Alice la osservò con intensità, come a chiedersi se quello che stava per dire fosse un passo troppo lungo o meno.
«Tu però adesso ne parli Noemi, lo condividi, e credo che condividerlo sia uno strumento potente per la consapevolezza: sia per chi cerca di eclissare la realtà che ha vissuto, ma anche per chi non ha mai sentito parlare di questi episodi. Ne parli con una sorta di naturalezza che, ti dico con il cuore, ti rende onore. Ti avvolge di dignità e di coraggio. Hai imparato a conviverci».

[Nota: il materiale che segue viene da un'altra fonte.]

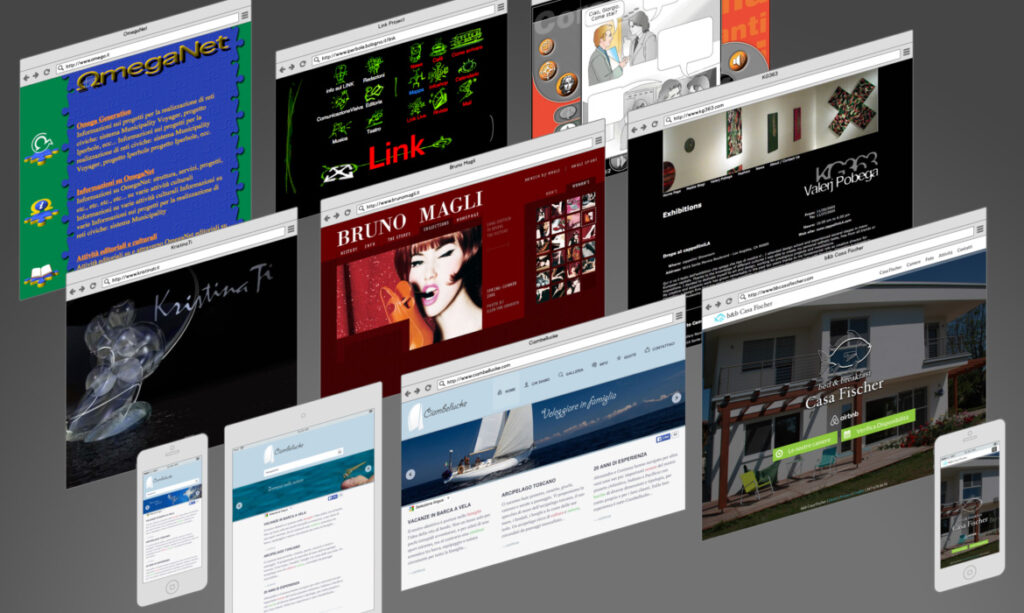 A collage of diverse website designs displayed on various screens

«Conviverci no, se conviverci vuol dire dimenticare – disse con enorme consapevolezza – ci ho fatto pace. È accaduto, non ho potere su ciò che successe quel giorno: ha fatto di me quella che sono adesso, mi ha forgiata, non posso dimenticarlo. Guarderò sempre il mondo intorno a me con un occhio diverso, osservando i pericoli che, chi ha avuto la fortuna di non vivere questa esperienza, probabilmente non noterà mai. Non voglio fingere, oppure dimenticare l’esistenza di persone come quest’uomo; la memoria, come hai suggerito anche te, deve diventare uno strumento di condivisione».
«Anche per aiutare chi, a differenza tua, non è riuscito ad esorcizzare ciò che gli è successo» concluse Alice. 

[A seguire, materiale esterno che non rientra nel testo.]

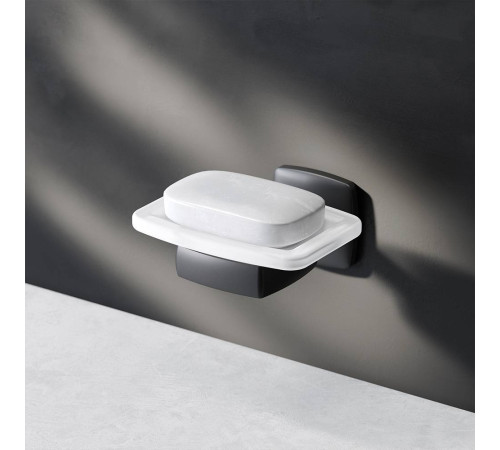 Мыльница AM.PM Gem стеклянная с настенным держателем черная A9034222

Cadde un silenzio sereno, privo di disagio. 
Il sole aveva iniziato a battere insistentemente sul laghetto che Noemi ed Alice avevano di fronte, ormai il grande Hyde Park era asciutto e gremito di passanti.
Alice si guardò intorno rimuginando su quanto si erano appena dette: quel giorno c’erano tante persone nel parco: chi di loro guardava il mondo con gli stessi occhi di Noemi?
Chi sa se tra quelle donne, uomini e bambini c’era qualcuno che si era arreso a condurre una vita fatta di realtà nascoste, o se qualcuno di loro era come il custode nella palestra che Noemi frequentava da bambina.
Le amiche si alzarono a passeggiare sotto i raggi del sole e nessuna delle due, almeno per quel pomeriggio, menzionò più l’argomento. Ma lasciandosi il laghetto alla spalle, entrambe si chiesero perché anche nell’epoca moderna fosse così semplice, seppur non giusto, lasciar cadere – legalmente – i diritti di un bambino.